#### Records provided

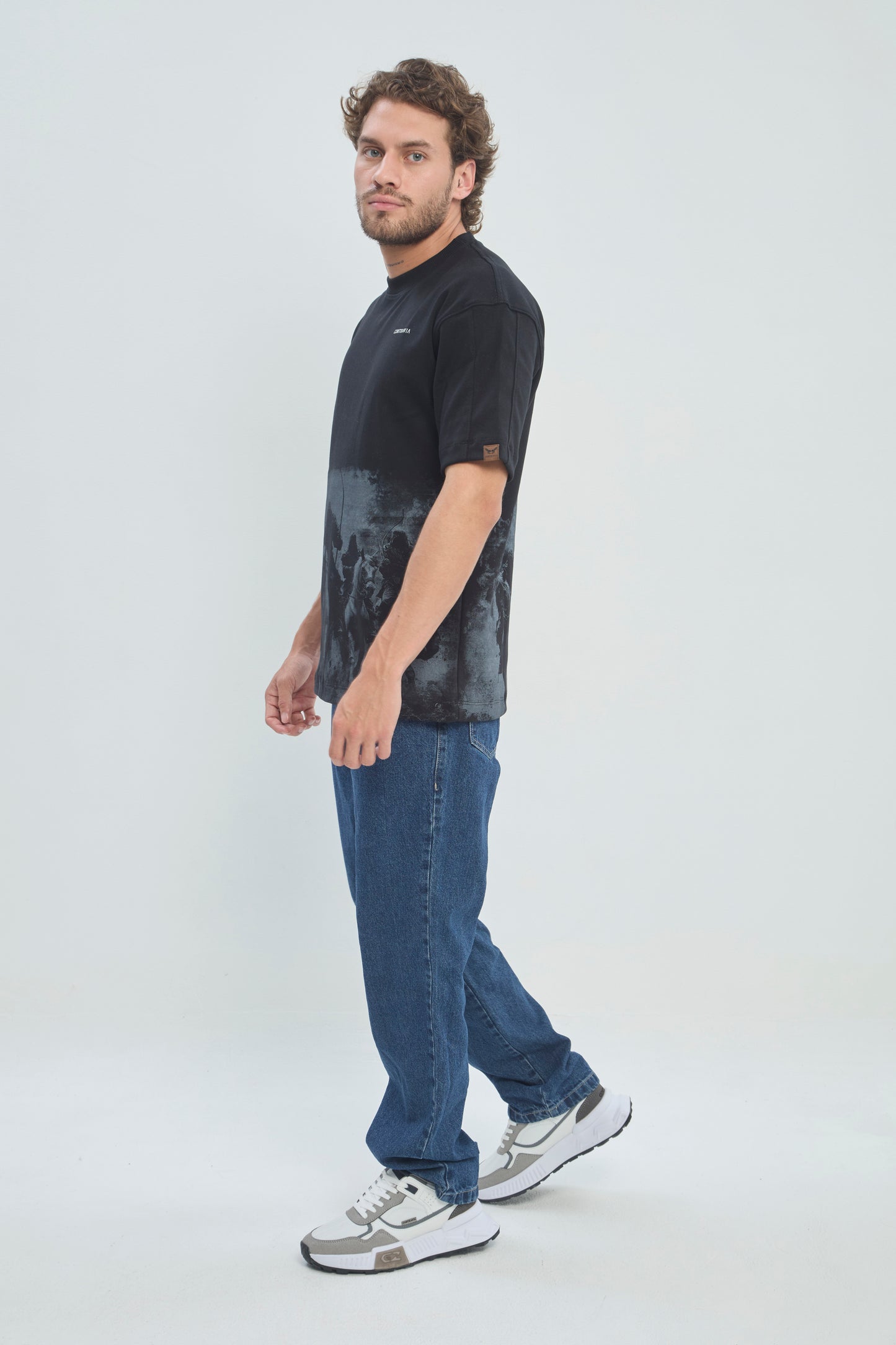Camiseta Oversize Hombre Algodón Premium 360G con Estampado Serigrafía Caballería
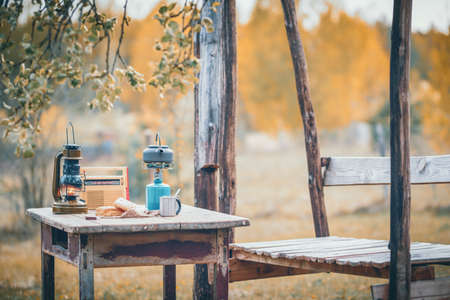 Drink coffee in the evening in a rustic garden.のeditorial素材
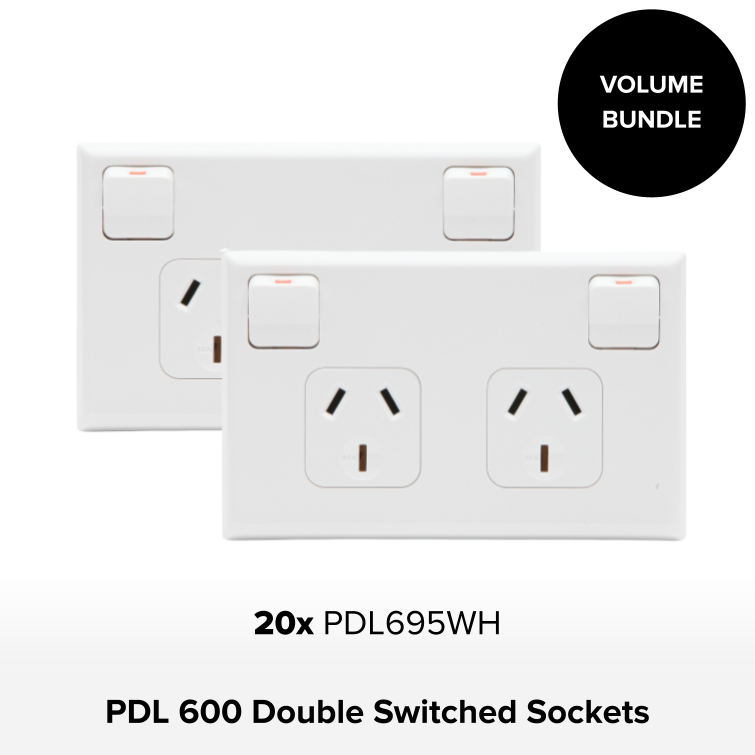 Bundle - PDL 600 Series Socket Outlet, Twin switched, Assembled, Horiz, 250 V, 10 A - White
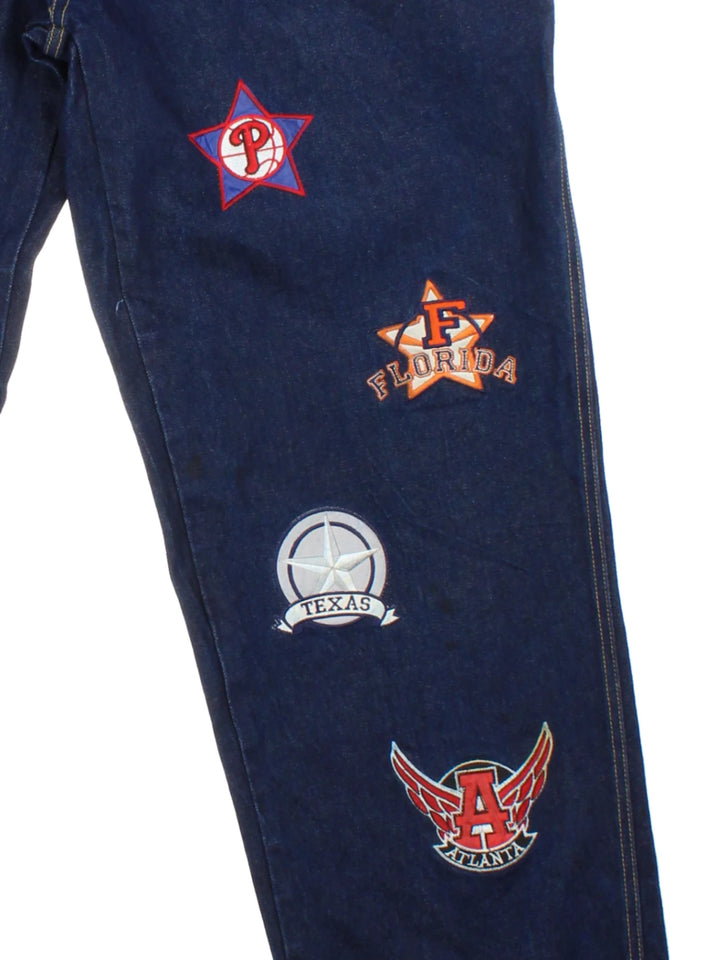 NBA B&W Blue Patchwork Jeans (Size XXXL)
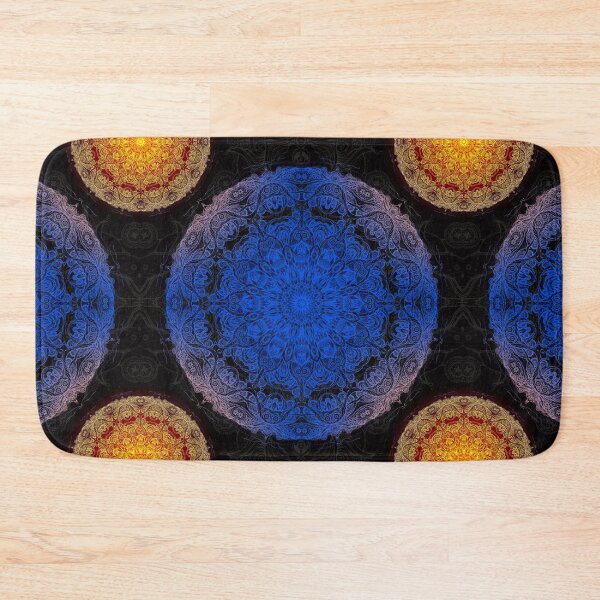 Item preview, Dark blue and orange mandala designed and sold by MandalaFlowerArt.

#### What is needed
Leave out the pictures and repeat exactly the lines from the one containing "NBA B&W Blue Patchwork Jeans (Size XXXL)" through the last line of the entries.

#### Response
 NBA B&W Blue Patchwork Jeans (Size XXXL)
 Item preview, Dark blue and orange mandala designed and sold by MandalaFlowerArt.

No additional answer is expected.